Personal information
- Full name: Marvin José Anieboh Pallaruelo
- Date of birth: 26 August 1997 (age 28)
- Place of birth: Madrid, Spain
- Height: 1.87 m (6 ft 2 in)
- Positions: Centre-back; right-back;

Team information
- Current team: Tanjong Pagar United

Youth career
- 2011–2013: Alcorcón
- 2013–2014: Getafe
- 2014–2016: Fuenlabrada

Senior career*
- Years: Team / Apps / (Gls)
- 2016–2018: Fuenlabrada B / 18 / (2)
- 2017–2018: → Los Yébenes SB (loan) / 32 / (2)
- 2018–2019: Carabanchel / 29 / (0)
- 2019–2020: Alcorcón B / 15 / (1)
- 2019: Alcorcón / 0 / (0)
- 2020–2022: Cacereño / 41 / (1)
- 2022: Vélez / 0 / (0)
- 2022: → Utsiktens BK (loan) / 7 / (0)
- 2023: Montijo / 16 / (0)
- 2023–2024: Illescas / 21 / (1)
- 2024–2025: Don Benito / 8 / (0)
- 2025–2026: SS Reyes / 43 / (4)
- 2026–: Tanjong Pagar United / 0 / (0)

International career^{‡}
- 2015: Equatorial Guinea U20
- 2019–: Equatorial Guinea / 24 / (1)

= Marvin Anieboh =

Equatoguinean footballer (born 1997)

Marvin José Anieboh Pallaruelo (born 26 August 1997) is a professional footballer who plays as a centre-back for Singapore Premier League club Tanjong Pagar United. Born in Spain, he represents Equatorial Guinea internationally.

==Early life==
Anieboh was born in Madrid to a Nigerian Igbo father and an Equatorial Guinean mother. He is of Spanish descent through his maternal grandfather and of Bubi descent through his maternal grandmother.

==Club career==
After representing AD Alcorcón, Getafe CF and CF Fuenlabrada as a youth, Anieboh made his senior debut for the latter's B-team during the 2016–17 season, in the regional leagues. On 24 June 2017, he was loaned to Tercera División side CD Los Yébenes San Bruno for one year.
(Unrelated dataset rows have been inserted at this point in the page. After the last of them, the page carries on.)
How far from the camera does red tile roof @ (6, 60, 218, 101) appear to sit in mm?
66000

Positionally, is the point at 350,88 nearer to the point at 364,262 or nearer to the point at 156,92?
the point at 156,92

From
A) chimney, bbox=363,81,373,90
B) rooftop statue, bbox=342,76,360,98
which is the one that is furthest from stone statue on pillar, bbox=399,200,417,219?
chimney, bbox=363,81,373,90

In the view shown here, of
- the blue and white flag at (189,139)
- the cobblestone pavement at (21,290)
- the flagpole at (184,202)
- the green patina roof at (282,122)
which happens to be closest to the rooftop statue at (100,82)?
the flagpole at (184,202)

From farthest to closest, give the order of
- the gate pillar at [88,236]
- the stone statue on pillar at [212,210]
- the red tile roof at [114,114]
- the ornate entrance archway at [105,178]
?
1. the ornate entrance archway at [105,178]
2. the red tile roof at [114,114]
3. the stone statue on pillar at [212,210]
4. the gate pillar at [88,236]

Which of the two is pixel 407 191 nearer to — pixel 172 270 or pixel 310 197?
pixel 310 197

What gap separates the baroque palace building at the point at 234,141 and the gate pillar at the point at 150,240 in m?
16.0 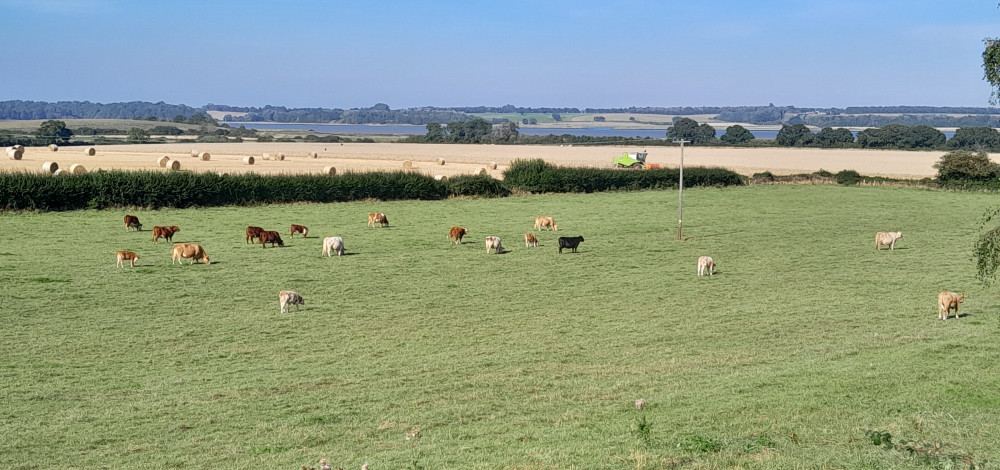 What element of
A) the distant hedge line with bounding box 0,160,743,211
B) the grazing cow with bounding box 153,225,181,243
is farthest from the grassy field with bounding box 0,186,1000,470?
the distant hedge line with bounding box 0,160,743,211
On 22 August 2018, Anieboh signed for fellow fourth division side RCD Carabanchel. Ahead of the 2018–19 campaign, he signed for another reserve team, AD Alcorcón B also in division four.
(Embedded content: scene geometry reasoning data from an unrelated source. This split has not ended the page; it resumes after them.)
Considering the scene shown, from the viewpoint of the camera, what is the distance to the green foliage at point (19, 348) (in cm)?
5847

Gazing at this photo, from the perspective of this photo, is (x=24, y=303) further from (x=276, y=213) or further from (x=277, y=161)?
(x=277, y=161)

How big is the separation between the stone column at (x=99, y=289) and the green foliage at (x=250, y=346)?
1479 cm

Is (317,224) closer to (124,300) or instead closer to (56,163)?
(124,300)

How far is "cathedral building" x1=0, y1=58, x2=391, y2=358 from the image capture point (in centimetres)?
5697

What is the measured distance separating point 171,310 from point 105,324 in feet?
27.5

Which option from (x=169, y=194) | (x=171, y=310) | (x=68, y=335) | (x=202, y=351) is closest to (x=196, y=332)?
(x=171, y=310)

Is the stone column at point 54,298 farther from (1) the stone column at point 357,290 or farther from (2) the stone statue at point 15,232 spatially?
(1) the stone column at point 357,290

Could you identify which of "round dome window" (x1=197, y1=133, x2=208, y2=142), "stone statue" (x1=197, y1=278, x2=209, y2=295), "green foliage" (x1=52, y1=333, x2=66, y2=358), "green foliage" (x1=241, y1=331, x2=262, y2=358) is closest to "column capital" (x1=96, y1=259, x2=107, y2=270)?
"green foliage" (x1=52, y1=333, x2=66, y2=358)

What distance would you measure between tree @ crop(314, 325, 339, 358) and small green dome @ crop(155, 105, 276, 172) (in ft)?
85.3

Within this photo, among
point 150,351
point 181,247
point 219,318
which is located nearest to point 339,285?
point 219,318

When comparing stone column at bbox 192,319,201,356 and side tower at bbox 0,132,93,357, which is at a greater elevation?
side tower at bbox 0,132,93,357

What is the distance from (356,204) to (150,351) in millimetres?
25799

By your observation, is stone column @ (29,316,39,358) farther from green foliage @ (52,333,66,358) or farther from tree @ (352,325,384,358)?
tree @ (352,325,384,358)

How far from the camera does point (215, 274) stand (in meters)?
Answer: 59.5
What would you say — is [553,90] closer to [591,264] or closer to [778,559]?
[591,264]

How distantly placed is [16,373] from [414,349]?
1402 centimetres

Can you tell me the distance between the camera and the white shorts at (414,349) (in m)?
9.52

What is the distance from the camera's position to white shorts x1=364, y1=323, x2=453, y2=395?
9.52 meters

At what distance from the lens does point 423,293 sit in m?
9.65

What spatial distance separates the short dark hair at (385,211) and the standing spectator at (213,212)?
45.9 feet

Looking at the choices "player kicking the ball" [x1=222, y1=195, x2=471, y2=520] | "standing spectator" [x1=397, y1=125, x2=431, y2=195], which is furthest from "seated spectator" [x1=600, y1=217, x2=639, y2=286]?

Anieboh made his first team debut for Alkor on 17 December 2019, starting in a 0–1 away loss against CP Cacereño, for the season's Copa del Rey.

Anieboh joined Singapore Premier League club Tanjong Pagar United on 12 August 2026.

==International career==
Due to his background, Anieboh was eligible to play internationally for Spain, Nigeria or Equatorial Guinea. After representing the latter's under–20s in 2015, he received his first senior call in October 2016 for a friendly match against Lebanon, but he did not play.

Anieboh returned to the Equatorial Guinean squad in 2019 and made his debut on 19 November that year, in a 0–1 loss to Tunisia at the 2021 Africa Cup of Nations qualification Group J.